Dans le cadre du projet de légitimation élaboré par McGurk, le PKK/YPG a réuni quelques petits groupes, avec des armes et un soutien logistique, au sein des "Forces démocratiques syriennes" (FDS) le 12 octobre 2015.

Après cette date, des responsables américains, en particulier McGurk, ont déclaré leur soutient aux FDS dans e cadre de la lutte contre Daech.

Le 22 juillet, le commandant des forces spéciales américaines, le général Raymond Thomas, a admis que le PKK/YPG avait changé de nom sur les instructions de McGurk.

"J'ai eu la chance d'avoir un partenaire comme Brett McGurk parce qu'ils (les éléments des FDS) voulaient des choses que je ne pouvais pas leur donner.
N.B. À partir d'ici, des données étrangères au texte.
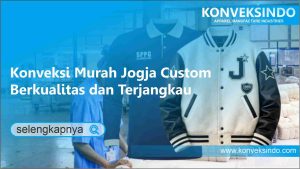 Read more about the article Konveksi Murah Jogja: Custom Berkualitas dan Terjangkau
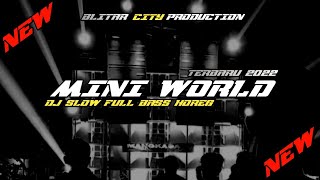 DJ MINI WORLD SLOW FULL BASS HOREG TERBARU 2022 || BLITAR CITY PEODUCTION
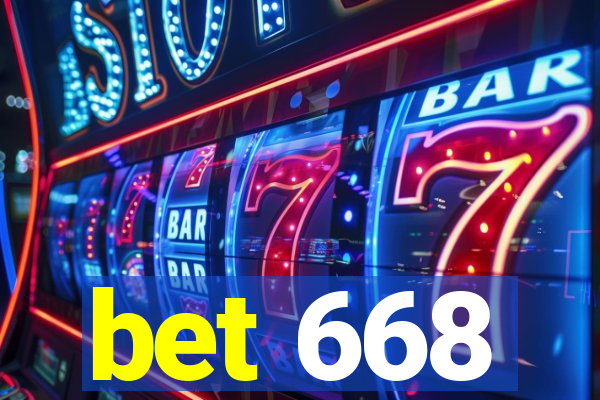 bet 668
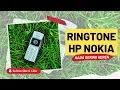 Download Lagu Anak 90an Wajib Pake Nada Dering ini! Nada Dering Nokia Jadul (Nokia Ringtone) - Nostalgia Masa Lalu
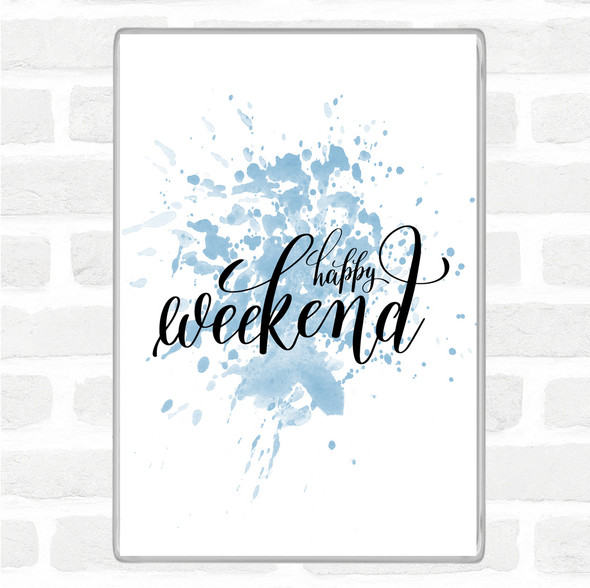 Blue White Happy Weekend Inspirational Quote Magnet Blue White Happy Weekend Inspirational Quote Magnet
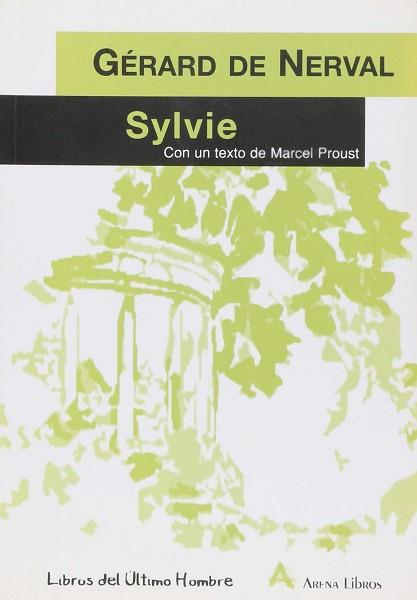 SYLVIE CON UN TEXTO DE MARCEL PROUST | 9788495897053 | NERVAL, GERARD DE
Ils voulaient être à la table dans des endroits comme Genève et Astana, où l'on discute de l'avenir de la Syrie. Ils ne pourront jamais être à la table sous le nom de PKK. Nous les avons donc militarisés et c'est ainsi que Brett McGurk les a maintenus dans les négociations et leur a donné la légitimité nécessaire pour être un bon partenaire pour nous", avait-il déclaré.


- L'étape de Manbij

L'organisation terroriste PKK/YPG a créé successivement des cantons dans le nord de la Syrie avec le soutien de McGurk. McGurk a ainsi accéléré les préparatifs d'une Syrie fédérale dotée de structures administratives autonomes cantonales.
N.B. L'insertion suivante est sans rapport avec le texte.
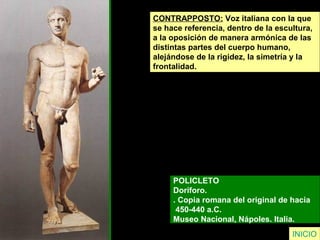 CONTRAPPOSTO: Voz italiana con la que
se hace referencia, dentro de la escultura,
a la oposición de manera armónica de las
distintas partes del cuerpo humano,
alejándose de la rigidez, la simetría y la
frontalidad.
POLICLETO
Doríforo.
. Copia romana del original de hacia
450-440 a.C.
Museo Nacional, Nápoles. Italia.
INICIO
 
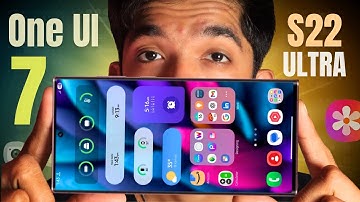Everything about One UI 7.0 on Samsung S22 Ultra 🔥 Issues & Features !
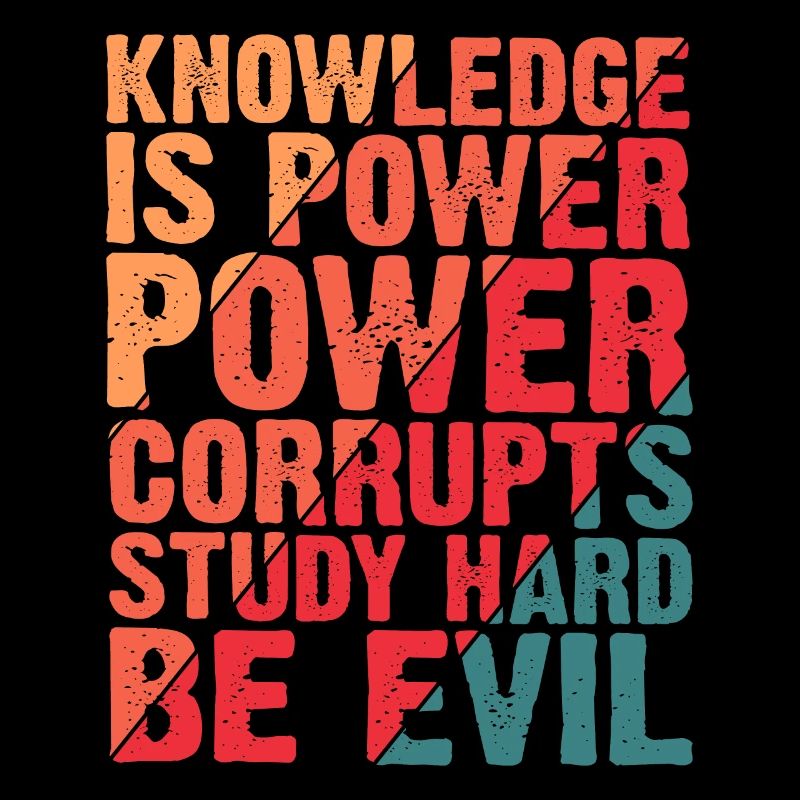 Knowledge Is Power Corrupt Study Hard Be Evil 4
Le mouvement le plus remarquable dans cette direction a été l'entrée du PKK/YPG dans la ville de Manbij à l'ouest de l'Euphrate en août 2016 avec l'aide militaire américaine.
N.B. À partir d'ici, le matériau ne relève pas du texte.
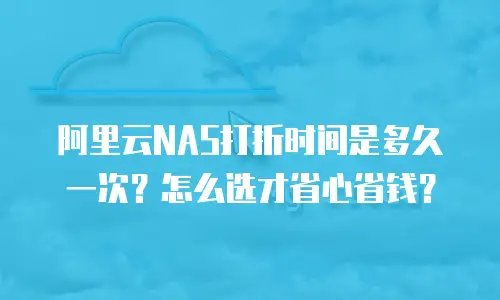 阿里云NAS打折时间是多久一次？怎么选才省心省钱？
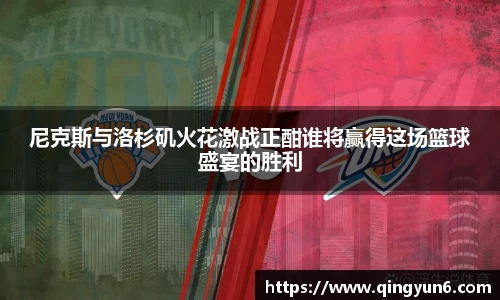 尼克斯与洛杉矶火花激战正酣谁将赢得这场篮球盛宴的胜利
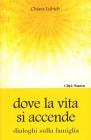 Dove la vita si accende. Dialoghi sulla famiglia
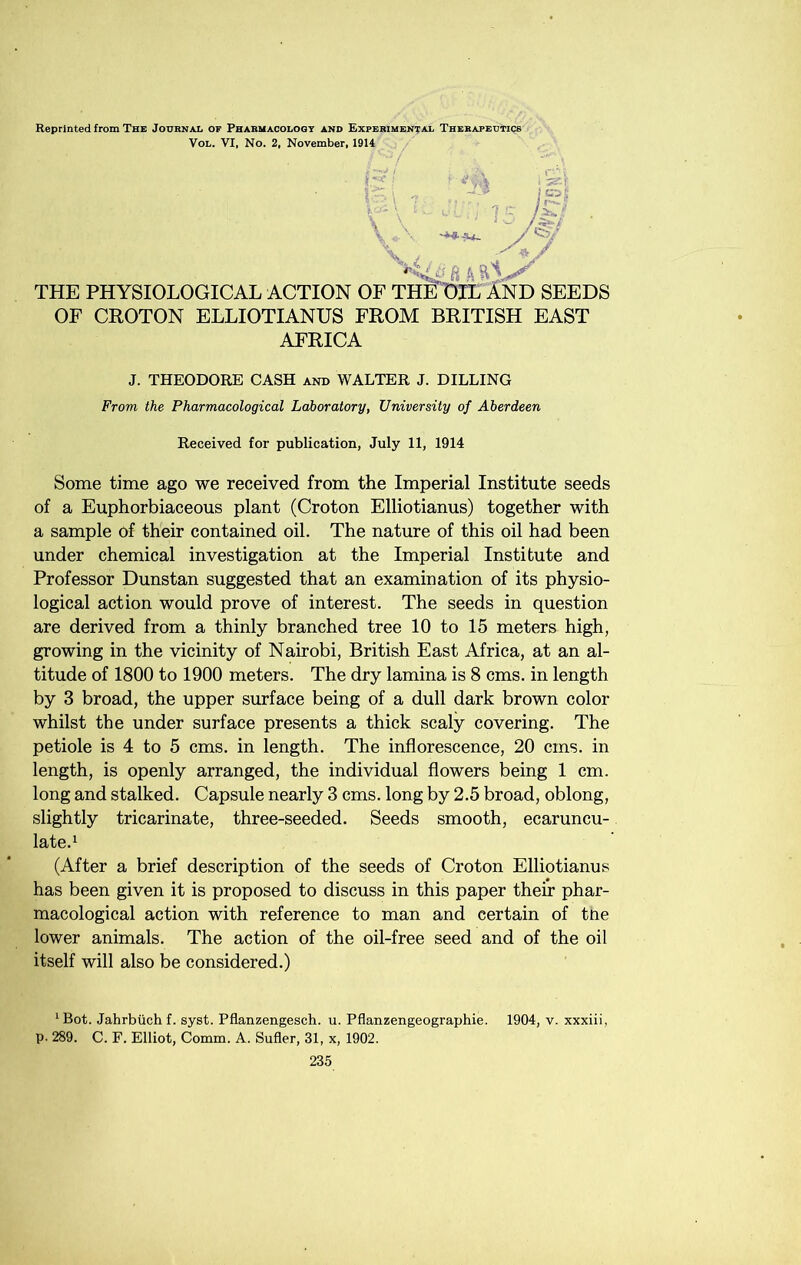 Reprinted from The Joubnal of Phabmacoloot ano Expebimental Thebapeutics VoL. VI, No. 2, November, 1914 \ THE PHYSIOLOGICAL ACTION OF THlTOlL InD SEEDS OF CROTON ELLIOTIANUS FROM BRITISH EAST AFRICA J. THEODORE CASH and WALTER J. BILLING From the Pharmacological Laboratory, University of Aberdeen Received for publication, July 11, 1914 Some time ago we received from the Imperial Institute seeds of a Euphorbiaceous plant (Croton Elliotianus) together with a sample of their contained oil. The nature of this oil had been under chemical investigation at the Imperial Institute and Professor Duns tan suggested that an examination of its physio- logical action would prove of interest. The seeds in question are derived from a thinly branched tree 10 to 15 meters high, growing in the vicinity of Nairobi, British East Africa, at an al- titude of 1800 to 1900 meters. The dry lamina is 8 cms. in length by 3 broad, the upper surface being of a dull dark brown color whilst the under surface presents a thick scaly covering. The petiole is 4 to 5 cms. in length. The inflorescence, 20 cms. in length, is openly arranged, the individual flowers being 1 cm. long and stalked. Capsule nearly 3 cms. long by 2.5 broad, oblong, slightly tricarinate, three-seeded. Seeds smooth, ecaruncu- late.^ (After a brief description of the seeds of Croton Elliotianus has been given it is proposed to discuss in this paper their phar- macological action with reference to man and certain of tne lower animals. The action of the oil-free seed and of the oil itself will also be considered.) ‘ Bot. Jahrbiich f. syst. Pflanzengesch. u. Pflanzengeographie. 1904, v. xxxiii, P- 289. C. F. Elliot, Comm. A. Sufler, 31, x, 1902.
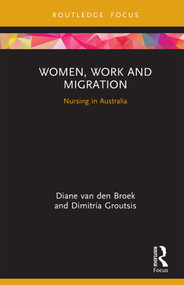 Women, Work and Migration (Nursing in Australia) by Diane van den Broek, Dimitria Groutsis, 9780367140649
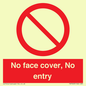 PA7063: No face cover, No entry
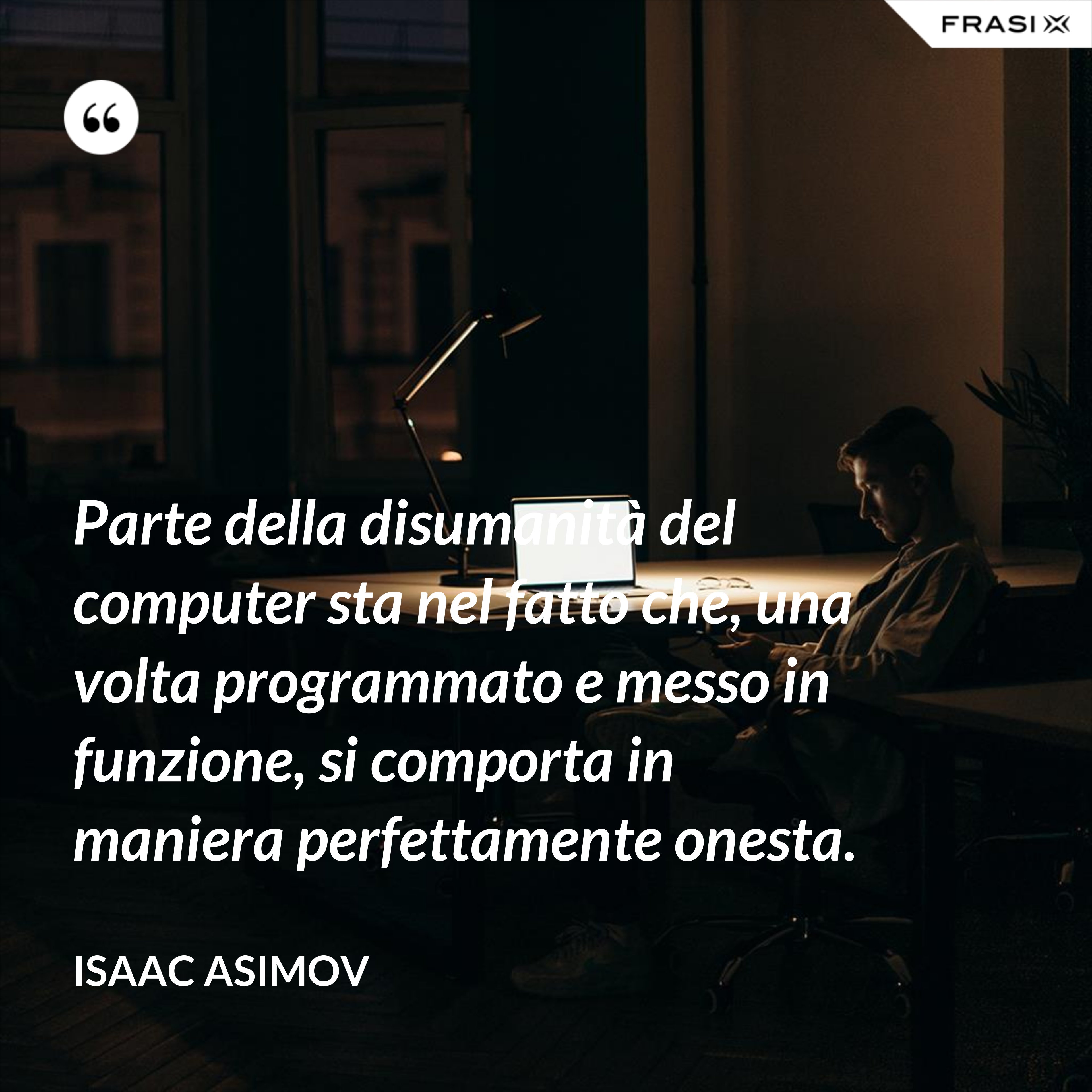 Parte della disumanità del computer sta nel fatto che, una volta programmato e messo in funzione, si comporta in maniera perfettamente onesta. - Isaac Asimov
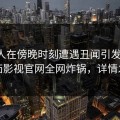 主持人在傍晚时刻遭遇丑闻引发众怒，番茄影视官网全网炸锅，详情发现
Les responsables américains avaient assuré à la Türkiye que l'organisation quitterait la ville après la prise de Manbij à Daech.

Cependant, Brett McGurk a admis en novembre 2016 que des combattants du PKK/YPG étaient présents dans la ville et a affirmé qu'ils quitteraient la ville après la formation fournie aux éléments locaux. Néanmoins, l'organisation terroriste a renforcé son occupation à Manbij en distribuant même des cartes d'identité portant son propre cachet.


- La Fédération a cherché à obtenir un soutien pour son programme

Après l'occupation de Raqqa par le PKK/YPG le 17 octobre 2017, l'envoyé spécial de l'ancien président américain Trump pour la lutte contre Daech, Brett McGurk, est arrivé dans la région. Le lendemain, la presse a rapporté qu'il avait rencontré le chef du renseignement du gouvernement syrien, Ali Mamluk, à Hasakah, au sujet de la région autonome qui devait être déclarée par le PKK/YPG.

Le 26 septembre, Walid Muallem, alors ministre syrien des affaires étrangères, avait déjà annoncé la possibilité de négocier une autonomie avec le PKK/YPG. Les pourparlers sur l'autonomie entre l'organisation terroriste et le régime d'Assad ont pris de l'ampleur après cette période, mais se sont retrouvés dans une impasse après un certain temps.